> What the exercise asks:
Please transcribe the data that follows exactly, from its first line through the line that contains "Town & Country".

[Saved data entries]
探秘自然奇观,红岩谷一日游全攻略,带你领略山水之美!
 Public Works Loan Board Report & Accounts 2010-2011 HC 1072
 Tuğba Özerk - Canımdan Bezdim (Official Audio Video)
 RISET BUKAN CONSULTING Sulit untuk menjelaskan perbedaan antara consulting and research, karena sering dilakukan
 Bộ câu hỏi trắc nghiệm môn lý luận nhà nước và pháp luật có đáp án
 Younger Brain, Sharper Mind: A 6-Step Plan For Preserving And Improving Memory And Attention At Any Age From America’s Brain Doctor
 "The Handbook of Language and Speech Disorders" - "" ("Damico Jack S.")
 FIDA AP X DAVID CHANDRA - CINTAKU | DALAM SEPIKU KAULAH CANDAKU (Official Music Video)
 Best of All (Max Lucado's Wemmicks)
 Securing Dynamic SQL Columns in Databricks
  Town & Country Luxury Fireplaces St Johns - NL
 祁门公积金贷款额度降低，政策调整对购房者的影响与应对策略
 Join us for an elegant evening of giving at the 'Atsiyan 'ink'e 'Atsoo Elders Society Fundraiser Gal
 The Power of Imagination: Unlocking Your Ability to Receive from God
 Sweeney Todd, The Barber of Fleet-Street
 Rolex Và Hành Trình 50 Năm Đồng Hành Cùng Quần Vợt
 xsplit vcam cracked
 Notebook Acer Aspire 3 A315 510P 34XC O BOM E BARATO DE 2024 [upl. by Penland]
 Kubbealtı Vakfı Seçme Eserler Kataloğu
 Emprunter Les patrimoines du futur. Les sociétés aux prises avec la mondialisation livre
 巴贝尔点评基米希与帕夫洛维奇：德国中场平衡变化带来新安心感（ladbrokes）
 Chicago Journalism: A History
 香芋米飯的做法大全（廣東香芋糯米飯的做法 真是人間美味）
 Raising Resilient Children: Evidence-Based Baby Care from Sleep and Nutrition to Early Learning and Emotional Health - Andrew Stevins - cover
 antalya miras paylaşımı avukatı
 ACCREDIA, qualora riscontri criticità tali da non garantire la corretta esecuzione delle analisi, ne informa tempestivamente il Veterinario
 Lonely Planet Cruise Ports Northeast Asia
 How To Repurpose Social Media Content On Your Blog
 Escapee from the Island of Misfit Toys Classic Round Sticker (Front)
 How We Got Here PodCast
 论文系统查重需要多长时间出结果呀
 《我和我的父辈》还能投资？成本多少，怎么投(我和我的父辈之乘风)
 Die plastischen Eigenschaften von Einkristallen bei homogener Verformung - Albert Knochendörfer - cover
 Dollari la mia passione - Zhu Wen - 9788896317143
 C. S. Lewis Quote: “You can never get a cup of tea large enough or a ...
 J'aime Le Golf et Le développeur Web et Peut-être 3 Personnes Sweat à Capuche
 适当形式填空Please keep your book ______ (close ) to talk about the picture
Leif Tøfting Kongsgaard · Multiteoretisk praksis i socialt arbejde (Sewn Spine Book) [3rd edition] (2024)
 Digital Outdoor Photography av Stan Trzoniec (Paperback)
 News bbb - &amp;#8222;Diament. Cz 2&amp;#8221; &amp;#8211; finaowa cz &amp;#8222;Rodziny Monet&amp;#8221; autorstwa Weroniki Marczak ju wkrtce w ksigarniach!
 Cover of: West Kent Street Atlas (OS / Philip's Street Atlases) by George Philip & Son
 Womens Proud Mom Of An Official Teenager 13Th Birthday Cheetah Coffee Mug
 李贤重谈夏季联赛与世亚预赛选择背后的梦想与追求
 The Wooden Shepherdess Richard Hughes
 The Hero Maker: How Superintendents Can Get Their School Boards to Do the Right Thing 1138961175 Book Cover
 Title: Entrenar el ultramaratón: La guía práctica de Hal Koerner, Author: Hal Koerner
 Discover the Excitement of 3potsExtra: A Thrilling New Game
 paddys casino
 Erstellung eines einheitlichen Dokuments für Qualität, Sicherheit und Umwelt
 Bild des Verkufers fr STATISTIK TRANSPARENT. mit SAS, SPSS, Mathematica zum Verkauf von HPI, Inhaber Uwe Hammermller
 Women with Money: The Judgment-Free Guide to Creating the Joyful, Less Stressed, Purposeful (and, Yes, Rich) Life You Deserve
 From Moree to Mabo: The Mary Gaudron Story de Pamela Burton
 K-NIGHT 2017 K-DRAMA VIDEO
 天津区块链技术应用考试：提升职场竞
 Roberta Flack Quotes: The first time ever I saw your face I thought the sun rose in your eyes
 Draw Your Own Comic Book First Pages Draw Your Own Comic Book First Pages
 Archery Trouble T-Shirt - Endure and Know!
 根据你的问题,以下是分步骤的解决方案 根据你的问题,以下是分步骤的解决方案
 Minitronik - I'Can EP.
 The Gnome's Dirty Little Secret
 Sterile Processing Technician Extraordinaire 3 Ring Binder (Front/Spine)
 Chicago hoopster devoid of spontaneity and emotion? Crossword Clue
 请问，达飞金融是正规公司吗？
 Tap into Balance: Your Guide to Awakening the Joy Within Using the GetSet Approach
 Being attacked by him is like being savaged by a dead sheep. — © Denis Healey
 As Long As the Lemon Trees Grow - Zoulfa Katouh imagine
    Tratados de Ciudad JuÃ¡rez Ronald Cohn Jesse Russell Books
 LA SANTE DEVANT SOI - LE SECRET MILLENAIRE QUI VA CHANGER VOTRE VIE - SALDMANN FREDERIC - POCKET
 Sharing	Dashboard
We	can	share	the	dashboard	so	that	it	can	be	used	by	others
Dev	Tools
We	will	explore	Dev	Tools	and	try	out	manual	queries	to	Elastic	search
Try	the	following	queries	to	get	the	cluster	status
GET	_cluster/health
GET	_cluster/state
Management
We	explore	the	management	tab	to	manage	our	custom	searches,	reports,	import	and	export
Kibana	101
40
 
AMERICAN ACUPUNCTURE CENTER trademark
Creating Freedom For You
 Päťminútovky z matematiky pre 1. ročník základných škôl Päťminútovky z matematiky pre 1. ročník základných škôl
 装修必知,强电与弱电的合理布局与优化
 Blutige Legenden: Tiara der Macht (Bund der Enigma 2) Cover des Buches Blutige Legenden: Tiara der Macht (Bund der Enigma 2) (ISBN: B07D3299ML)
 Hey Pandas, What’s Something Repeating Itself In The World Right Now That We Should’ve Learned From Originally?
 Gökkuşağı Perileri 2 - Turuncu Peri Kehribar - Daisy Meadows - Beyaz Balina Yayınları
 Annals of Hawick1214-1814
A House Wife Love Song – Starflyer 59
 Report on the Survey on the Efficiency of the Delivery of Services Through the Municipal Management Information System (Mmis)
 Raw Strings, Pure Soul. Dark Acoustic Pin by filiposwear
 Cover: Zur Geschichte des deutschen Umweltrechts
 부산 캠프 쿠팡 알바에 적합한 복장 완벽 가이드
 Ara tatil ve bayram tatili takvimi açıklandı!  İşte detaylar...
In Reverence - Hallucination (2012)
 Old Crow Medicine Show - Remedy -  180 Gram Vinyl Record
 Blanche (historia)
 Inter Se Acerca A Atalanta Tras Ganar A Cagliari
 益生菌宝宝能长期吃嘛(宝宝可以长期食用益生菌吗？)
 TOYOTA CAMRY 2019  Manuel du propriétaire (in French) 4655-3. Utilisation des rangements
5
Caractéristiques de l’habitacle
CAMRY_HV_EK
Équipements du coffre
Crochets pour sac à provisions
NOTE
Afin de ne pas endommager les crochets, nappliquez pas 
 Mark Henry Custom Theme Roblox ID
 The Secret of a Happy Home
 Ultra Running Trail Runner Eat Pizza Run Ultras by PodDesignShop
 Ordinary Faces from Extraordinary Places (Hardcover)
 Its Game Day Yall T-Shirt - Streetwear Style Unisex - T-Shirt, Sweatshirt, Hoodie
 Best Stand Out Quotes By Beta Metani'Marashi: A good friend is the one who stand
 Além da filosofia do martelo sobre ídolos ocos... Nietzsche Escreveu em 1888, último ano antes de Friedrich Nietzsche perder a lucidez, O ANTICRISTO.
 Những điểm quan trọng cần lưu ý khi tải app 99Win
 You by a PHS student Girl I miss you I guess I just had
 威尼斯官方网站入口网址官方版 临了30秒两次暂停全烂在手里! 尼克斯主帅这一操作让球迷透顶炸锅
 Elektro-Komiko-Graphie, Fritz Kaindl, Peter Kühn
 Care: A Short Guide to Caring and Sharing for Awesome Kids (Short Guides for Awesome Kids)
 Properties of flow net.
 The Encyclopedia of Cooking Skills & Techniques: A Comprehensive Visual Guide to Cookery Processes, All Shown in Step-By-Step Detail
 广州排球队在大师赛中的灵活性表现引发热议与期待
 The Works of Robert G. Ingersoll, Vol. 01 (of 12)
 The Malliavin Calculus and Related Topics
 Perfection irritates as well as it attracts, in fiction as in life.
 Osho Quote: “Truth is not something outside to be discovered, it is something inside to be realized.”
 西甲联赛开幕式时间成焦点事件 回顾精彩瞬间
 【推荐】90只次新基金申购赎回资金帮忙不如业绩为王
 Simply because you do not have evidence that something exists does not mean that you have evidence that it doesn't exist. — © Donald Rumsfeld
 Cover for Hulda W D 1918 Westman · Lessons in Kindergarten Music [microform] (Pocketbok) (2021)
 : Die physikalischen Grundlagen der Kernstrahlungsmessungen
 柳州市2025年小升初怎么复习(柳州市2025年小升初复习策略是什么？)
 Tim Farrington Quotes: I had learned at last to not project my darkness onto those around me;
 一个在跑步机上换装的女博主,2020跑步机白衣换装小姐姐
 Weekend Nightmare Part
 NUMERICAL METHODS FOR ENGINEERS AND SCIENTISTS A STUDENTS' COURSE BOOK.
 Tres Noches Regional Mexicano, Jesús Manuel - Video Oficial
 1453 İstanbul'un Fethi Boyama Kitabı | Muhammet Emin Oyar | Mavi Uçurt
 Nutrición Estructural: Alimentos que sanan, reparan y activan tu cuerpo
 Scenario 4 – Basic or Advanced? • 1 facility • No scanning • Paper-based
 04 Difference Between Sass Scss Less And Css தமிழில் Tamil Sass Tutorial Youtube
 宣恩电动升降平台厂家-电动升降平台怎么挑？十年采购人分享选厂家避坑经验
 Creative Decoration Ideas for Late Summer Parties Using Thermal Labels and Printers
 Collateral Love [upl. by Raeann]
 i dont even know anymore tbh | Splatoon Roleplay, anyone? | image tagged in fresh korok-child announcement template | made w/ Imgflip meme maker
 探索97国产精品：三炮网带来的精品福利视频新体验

> Exercise response:
探秘自然奇观,红岩谷一日游全攻略,带你领略山水之美!
 Public Works Loan Board Report & Accounts 2010-2011 HC 1072
 Tuğba Özerk - Canımdan Bezdim (Official Audio Video)
 RISET BUKAN CONSULTING Sulit untuk menjelaskan perbedaan antara consulting and research, karena sering dilakukan
 Bộ câu hỏi trắc nghiệm môn lý luận nhà nước và pháp luật có đáp án
 Younger Brain, Sharper Mind: A 6-Step Plan For Preserving And Improving Memory And Attention At Any Age From America’s Brain Doctor
 "The Handbook of Language and Speech Disorders" - "" ("Damico Jack S.")
 FIDA AP X DAVID CHANDRA - CINTAKU | DALAM SEPIKU KAULAH CANDAKU (Official Music Video)
 Best of All (Max Lucado's Wemmicks)
 Securing Dynamic SQL Columns in Databricks
  Town & Country Luxury Fireplaces St Johns - NL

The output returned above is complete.